In this example the user does a onetime login to access the Cloud. After that, he or she simply requests that a simulation be performed. Autodesk’s software automatically acquires all the appropriate geometry and simulation inputs (boundary conditions, limits, etc.) and then transfers that information across the Cloud to the pre-defined HPC. That HPC may be a public site or a private site. The software at the HPC then performs the meshing, executes the necessary solvers, runs the appropriate post processor, and then returns the results to the user.

commentary autodesk 2010.12.07 1

While the simulation is being executed, the user’s local computing system is available to perform other tasks.
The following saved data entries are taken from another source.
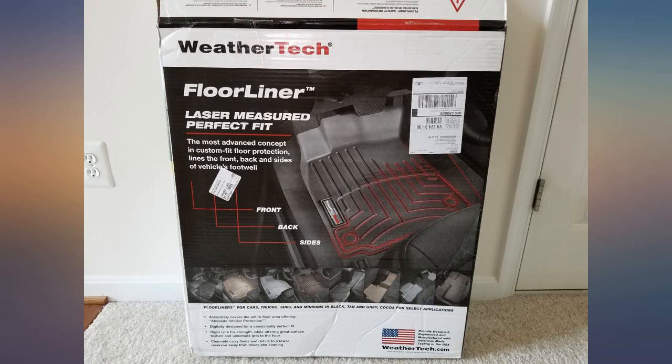Super fast delivery — 3 days earlier than expected. Great price. Highly recommend.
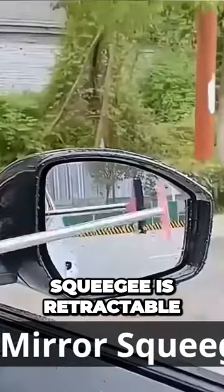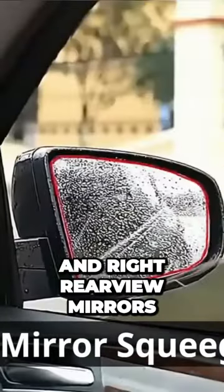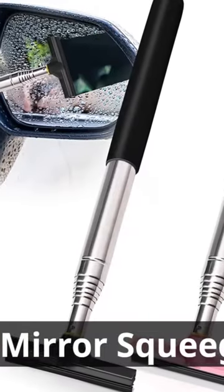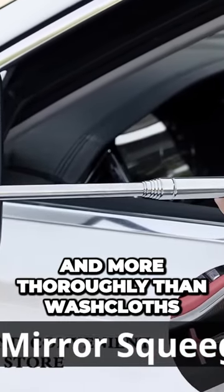The car-side mirror squeegee is retractable, which is convenient for you to clean the left and right rear-view mirrors. The handle is wrapped with a soft sponge, which is convenient and comfortable to use. The layered brush heads remove moisture faster and more thoroughly than washcloths.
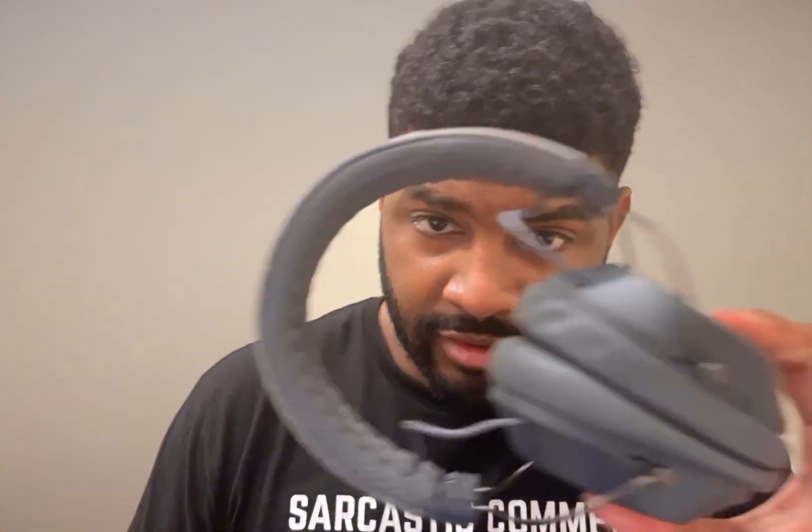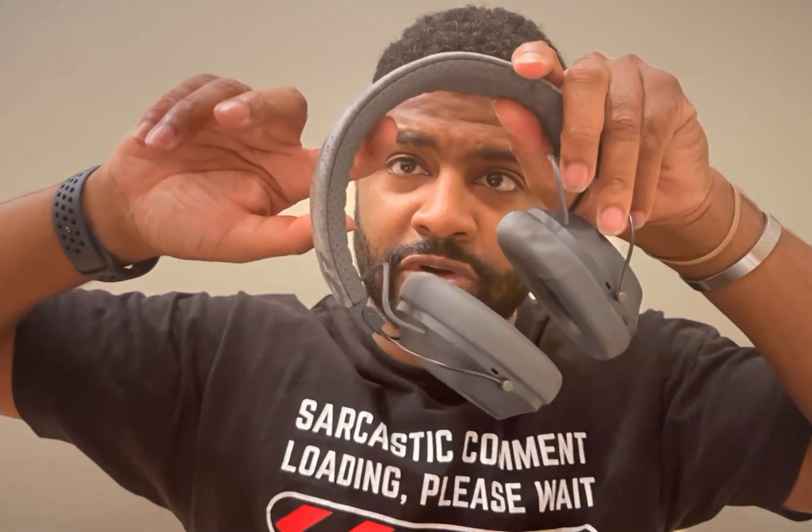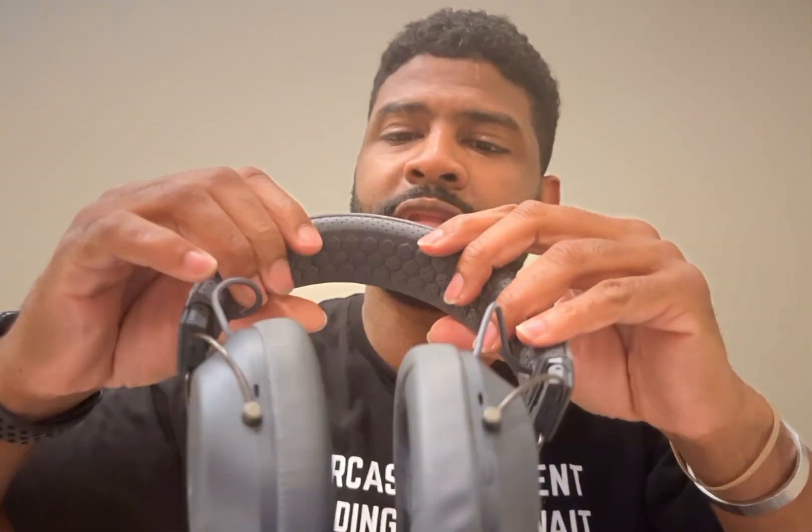These headphones have been doing me pretty good this last month. They are a very comfortable pair of headphones. They are made of plastic, with some rubber here for grip. For people who have bald heads, there's enough grip to keep that headset on.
There are many benefits of this type of solution:

  • The user continues to be productive on his or her local system.
  • The user does not have to spend time preparing the analysis for execution.
  • The HPC can apply multiple techniques to process the simulation:
  • Use multiple processors,
  • Apply a Grid solution.
  • The user gets the results much faster and can make better design decisions.
  • It enables users to try more design alternatives and to better optimize the design.
  • With the appropriate inputs, design optimization can also be conducted automatically.
  • Multiple users can access the HPC simultaneously.
  • It reduces the cost for acquisition and support of high performance systems by the company—making HPC available to all sizes of companies.

By taking advantage of the Cloud and making HPC available to more designers and engineers, Autodesk is helping its clients be more productive and better able to develop and deliver competitive products.

CIMdata believes that intelligent use of the Cloud and Cloud-based computing resources will help companies in all industries to be able to better develop innovative products. Autodesk is an example of how using the Cloud can make more powerful and comprehensive simulation and analysis more readily available and easier to use for broad new classes of users in companies of all sizes throughout the product development process.